This is one of my favorite salads and helps Ken and I get our vegetables when I'm sick of plain old Romain lettuce with tomatoes. I made it this weekend so I thought I would share!
Black Bean, Corn and Tomato Salad
1 (14 oz.) can of black beans, drained and rinsed
2 fresh tomatoes, chopped
1 large green bell pepper, chopped
1 cup frozen corn, thawed
1 jicama, peeled and diced
2 tsp garlic powder
1 pinch salt
1/4 cup lime juice
1 tsp dijon mustard
1/4 tsp ground pepper
1/2 cup olive oil
Mix the beans, tomatoes, bell pepper, corn and jicama in a large bowl.

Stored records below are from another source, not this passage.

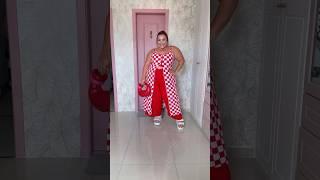 GRWM • Look plus size com pantalona vermelha ️‍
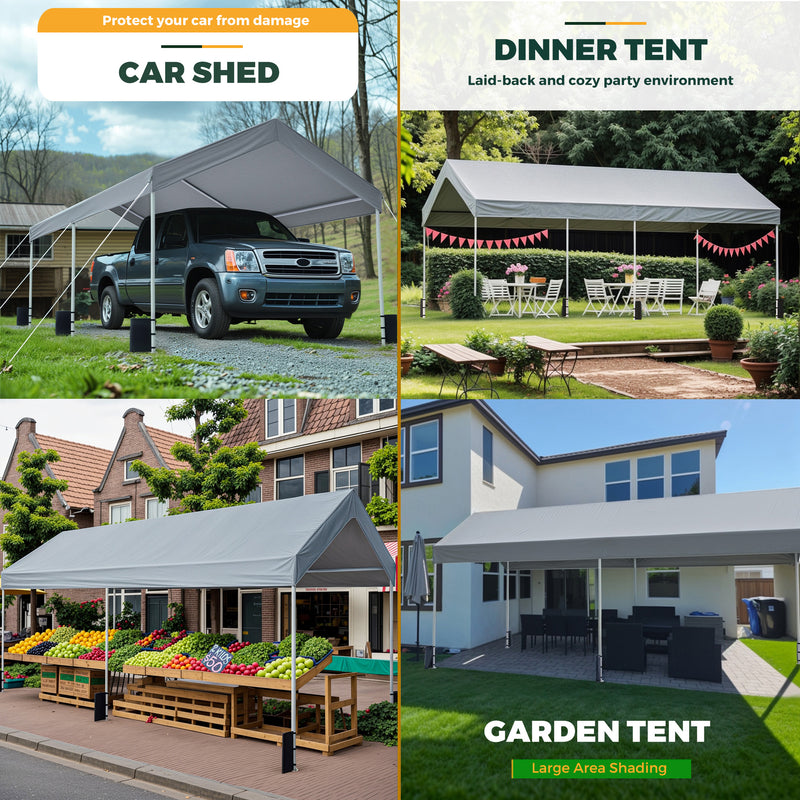 Advwin 3x6m WaterproofCarport Canopy Portable Garage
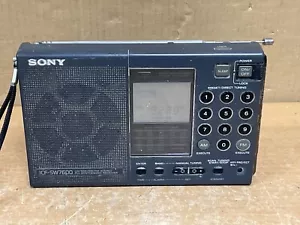 Sony ICF-SW7600 FM AM Radio Defective Shortwave World Band Receiver - Picture 1 of 4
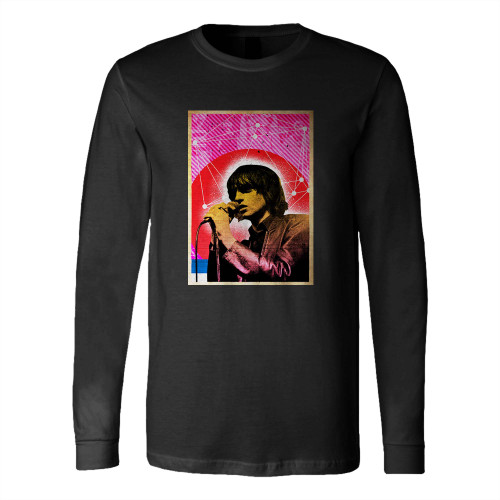 Mark E Smith The Fall Music Indie Rock N Roll Pop Art Poster Long Sleeve T-Shirt Tee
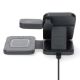 Εικόνα της Φορτιστής Nedis 3-in-1 Wireless Charging 15W Black WDCHAQ15W110BK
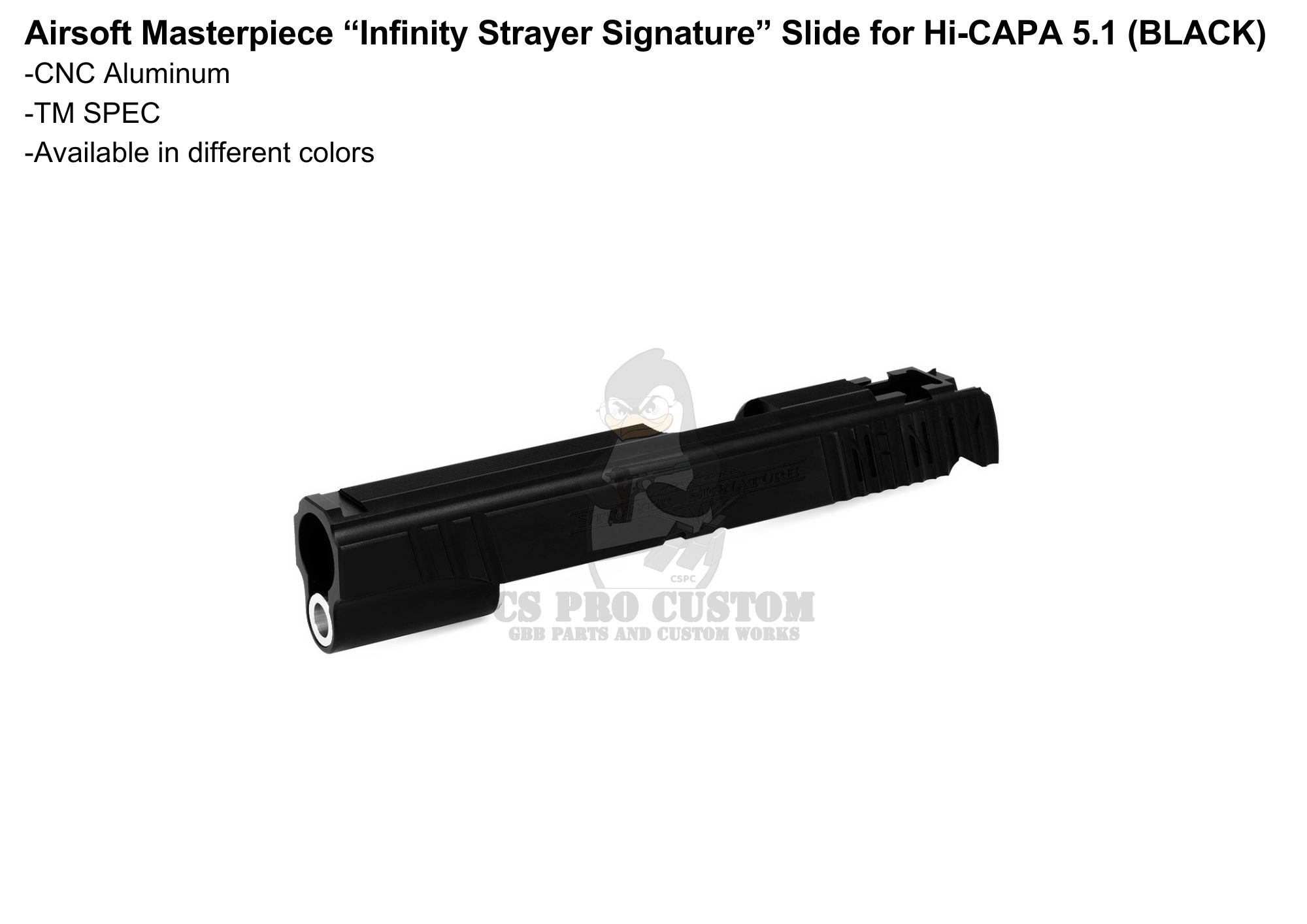 Airsoft Masterpiece Infinity Strayer Signature Slide 5.1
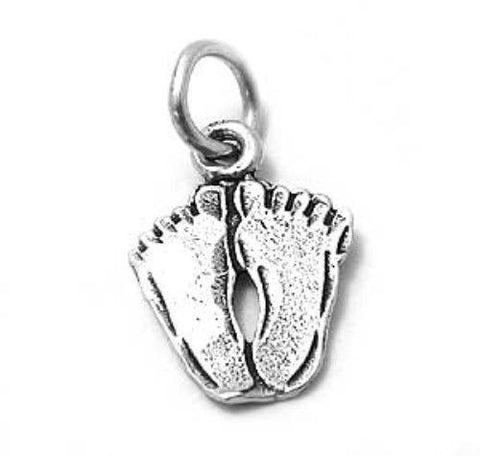 Beautiful Footprint Charm | Wholesale 925 Sterling Silver Charms | Main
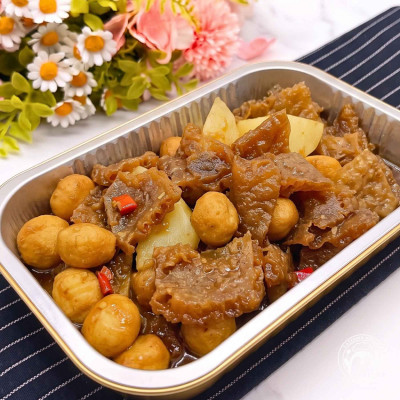 港式三寶:辣味魚蛋 ,豬皮, 蘿蔔(2磅裝)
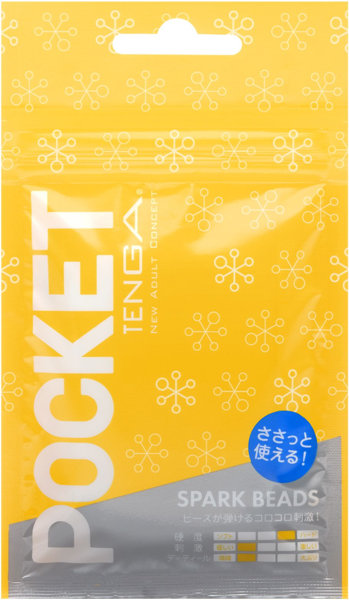 POCKET TENGA SPARK BEADS - アダルトグッズ - 大人のおもちゃ通販 - FANZA通販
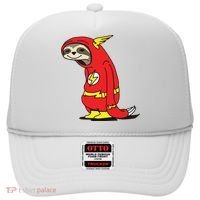 Flash Sloth Cool Nerd Gift For Him Hat thumb 0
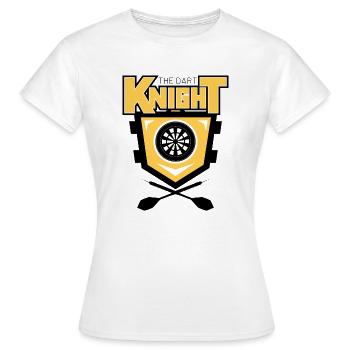 Dart Knight Emblem - Frauen T-Shirt - Weiß - Vorne - AI Model Female 172 dark (172cm)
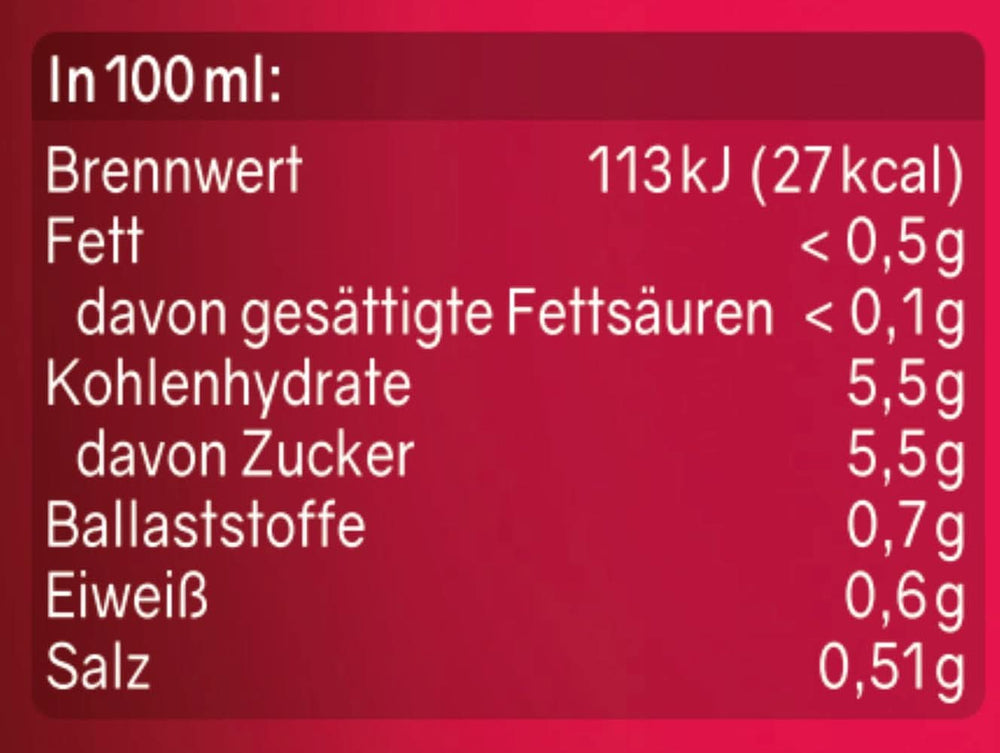 RABENHORST (6 x 700 ml) - Succo di verdure di alta qualità da diverse verdure dal sapore speziato intenso Bevande analcoliche Naty Shop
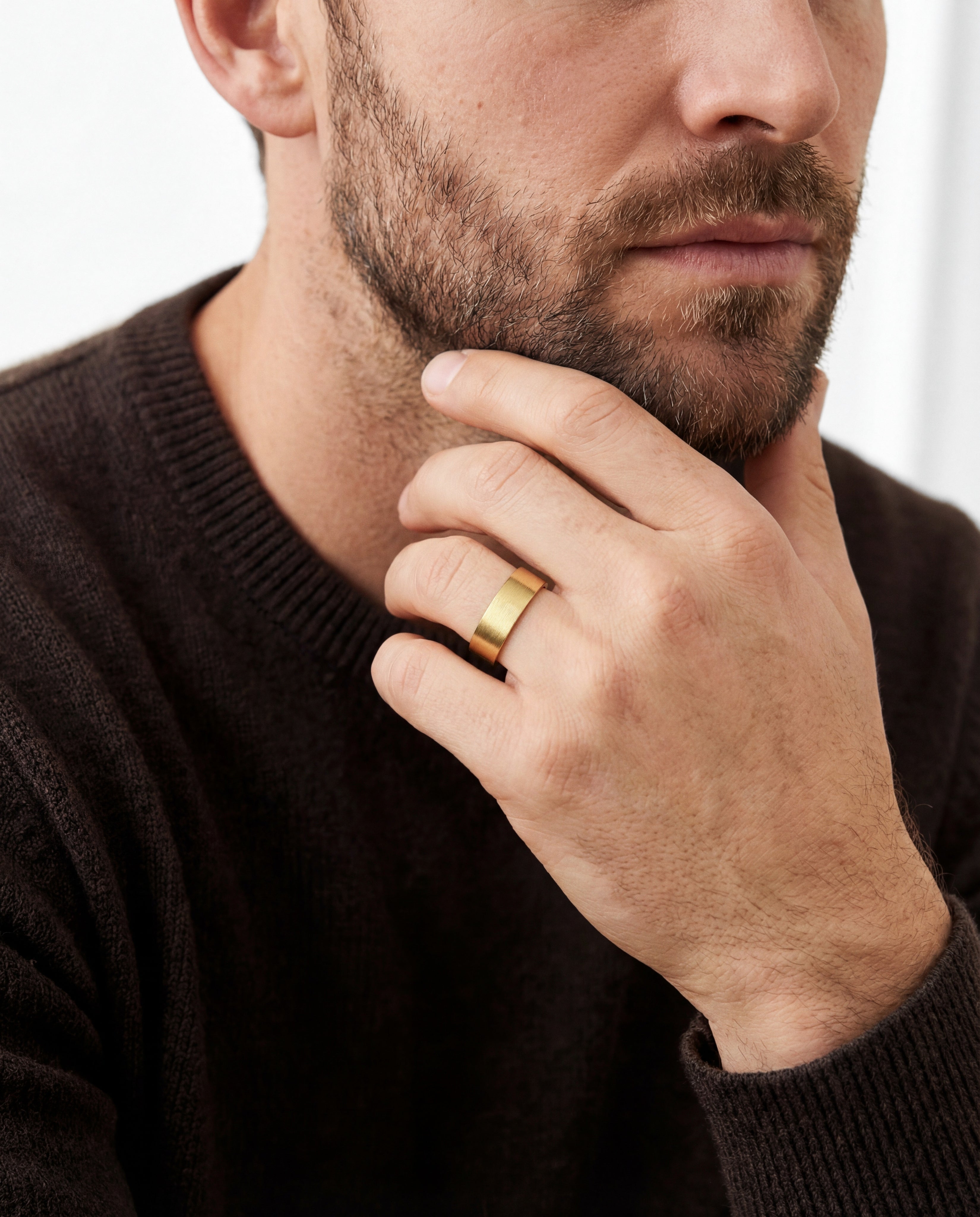 7mm Classic Flat Men's Wedding Band - Matte Brushed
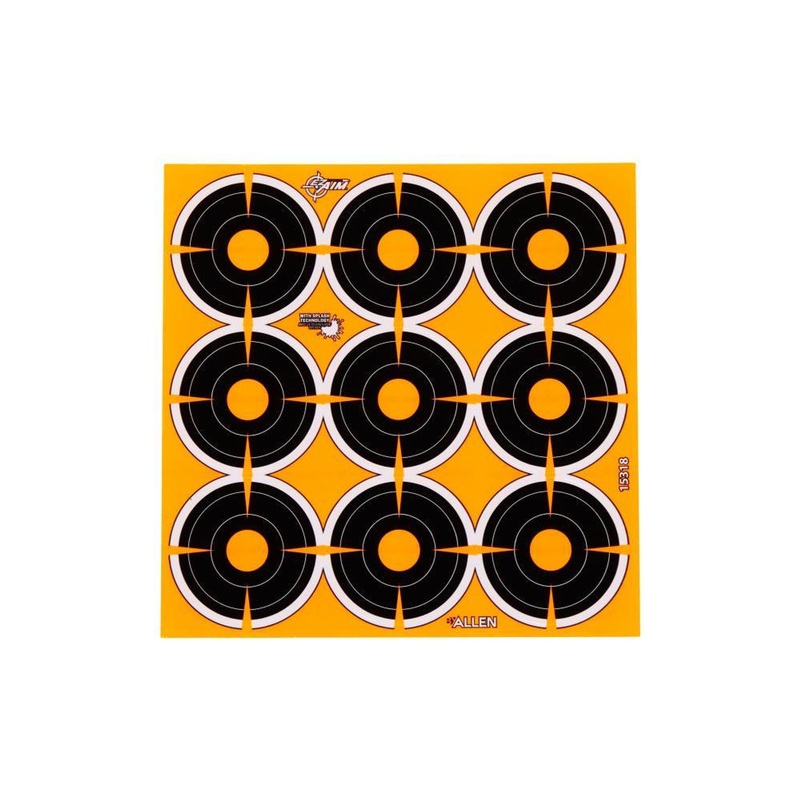Allen Co, Inc. Ez Aim 2in Bullseye 12sheet, 48p
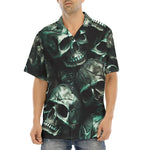 Hawaiian Shirt Fantasy Skulls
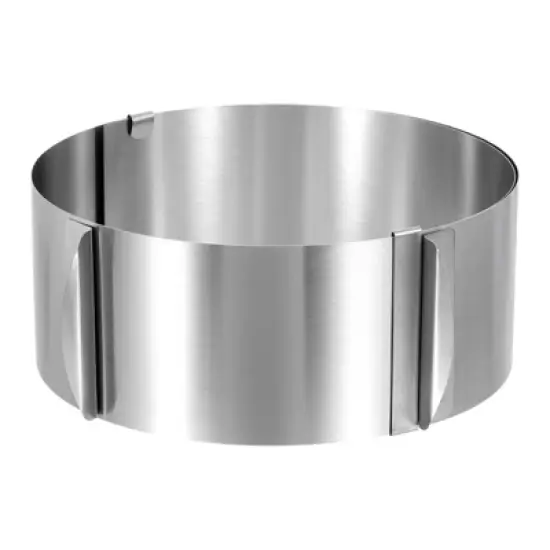 Unique Bargains Adjustable Stainless Steel Nonstick Retractable Round Cake Ring image {17}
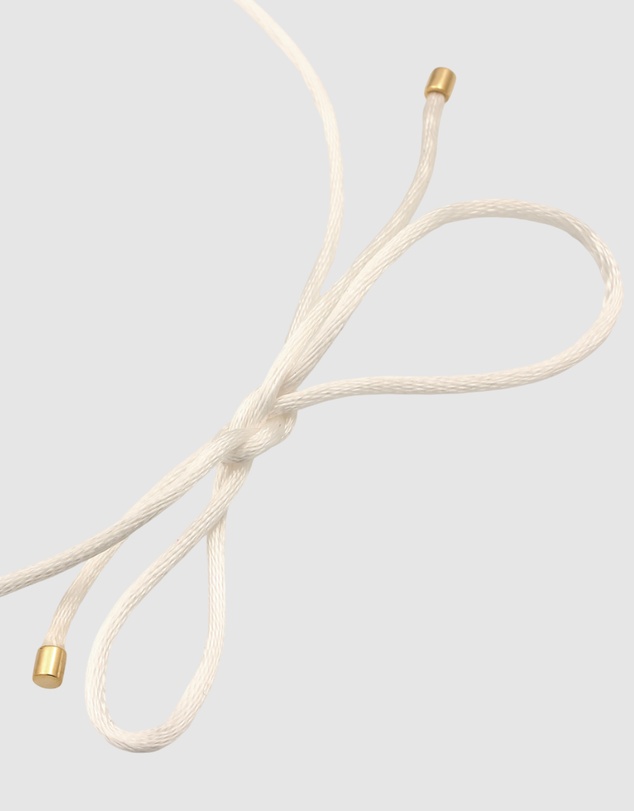 Haze & Glory - ICONIC EXCLUSIVE - Necklace Rainbow Shell Ribbon 925 Sterling Silver Gold-Plated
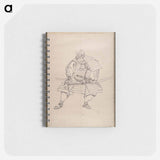 Katsushika Hokusai’s samurai, Album of Sketches - 葛飾 北斎 Memo.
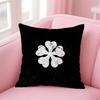 bBlack Clover Pillow Anime Manga Cushion Cover Pillow Case Soft Friendly Fabric  Concealed Zipper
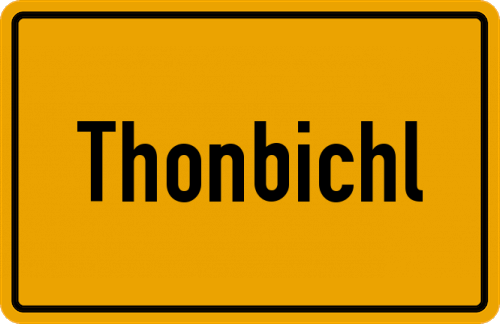 Ortsschild Thonbichl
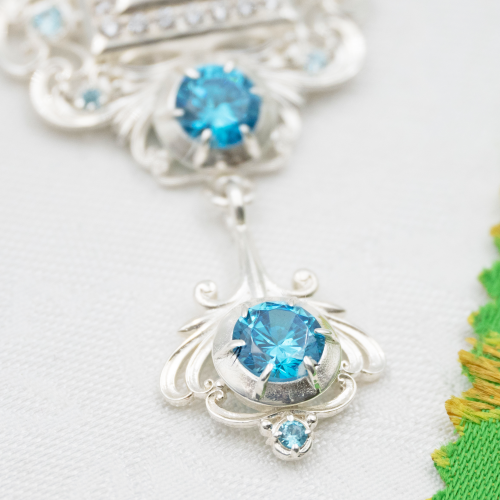 2.7.2563л-2/1л-К Архиерейский комплект наперсный латунный в серебрении фото 8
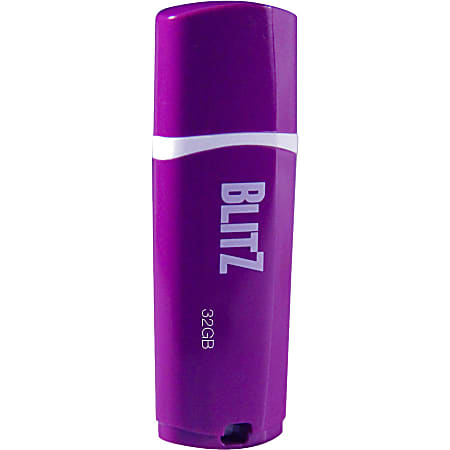 Patriot Memory Blitz 16GB USB 3.0 Flash Drive (Purple) - 16 GB - USB 3.0 - Purple - 2 Year Warranty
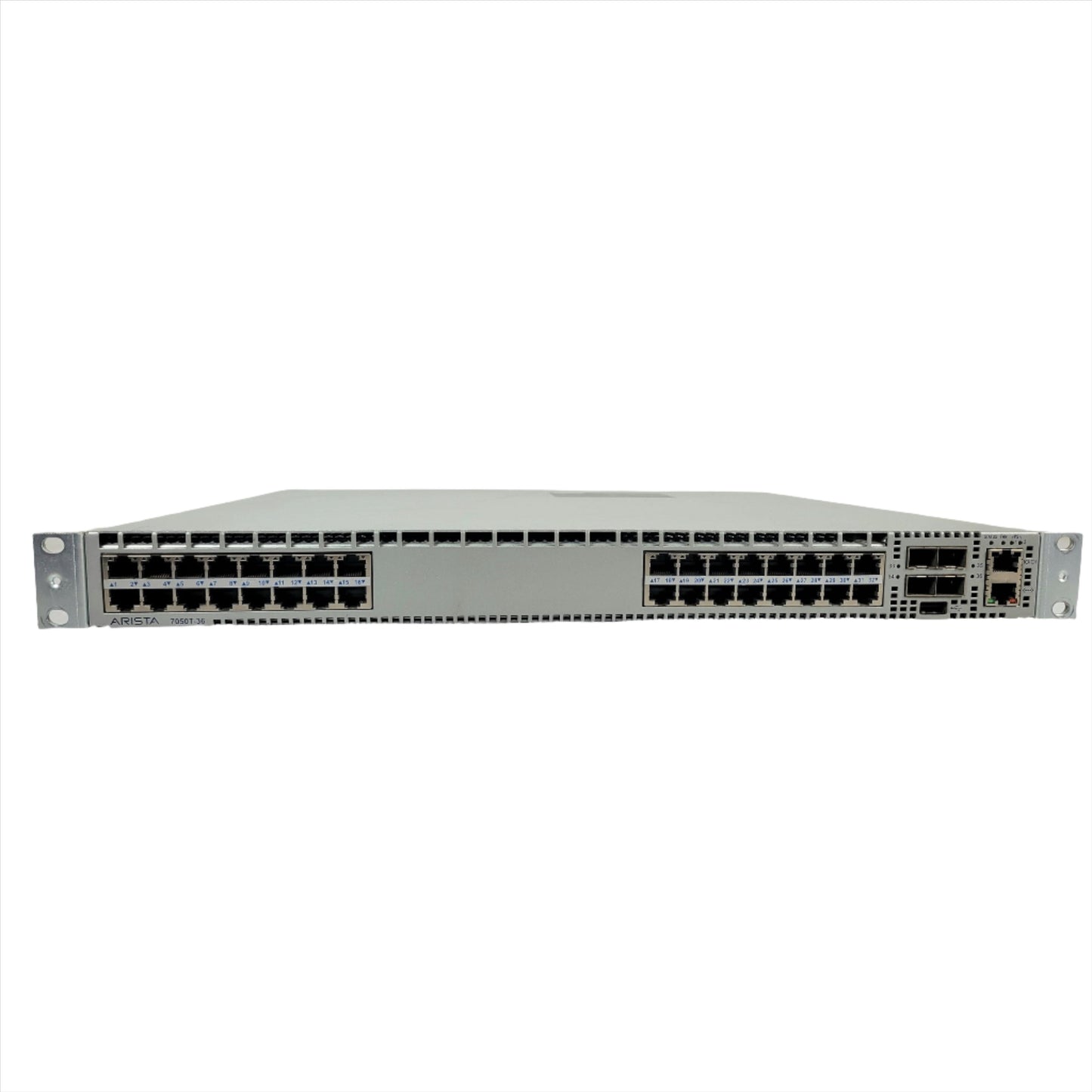 Arista DCS-7050T-36-F, 32x RJ45 with 4x 10Gb SFP+ switch (Used - Good)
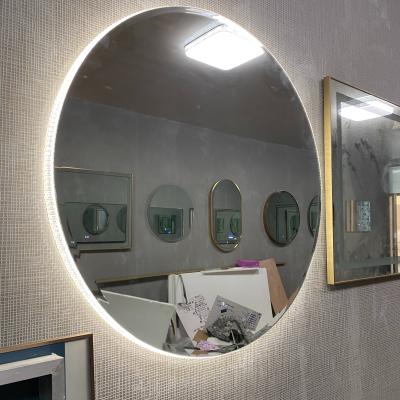 China Water Make Mirror 3 Colors Dimmable Led Mirror Fancy Bathroom LED Light Silver Mirror With Open Resistant Speech for sale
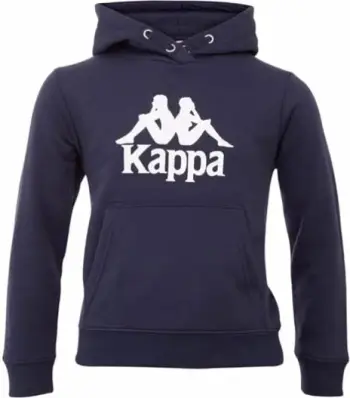 Hanorak për fëmijë Kappa Taino Kids Hoodie 705322J-821, përzierje pambuk poliestër, madhësia 140, blu navy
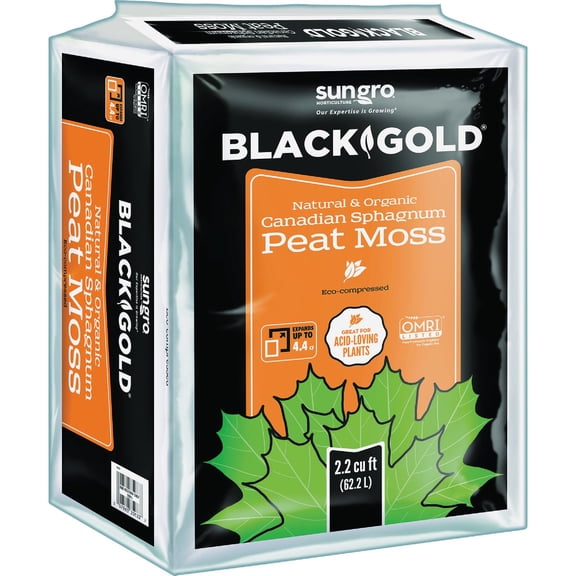 Sun Gro Horticulture Black Gold Sphagnum Peat Moss - Single Pack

Whisk the remaining ingredients together to make a dressing and pour over the vegetables.
Refrigerate overnight.
So, this is my modified version from the recipe I found on allrecipes.com. You can also add a minced jalapeno or feta cheese, but for me the first is too hot and the second is too expensive. Also the jicama is just to add some crunch, so you can substitute diced celery or even cucumber.
2 comments:
This sounds lecker...
Was this the salad you brought to Bishop's fish fry? Because if it is, it was delicious! Thanks for the recipe!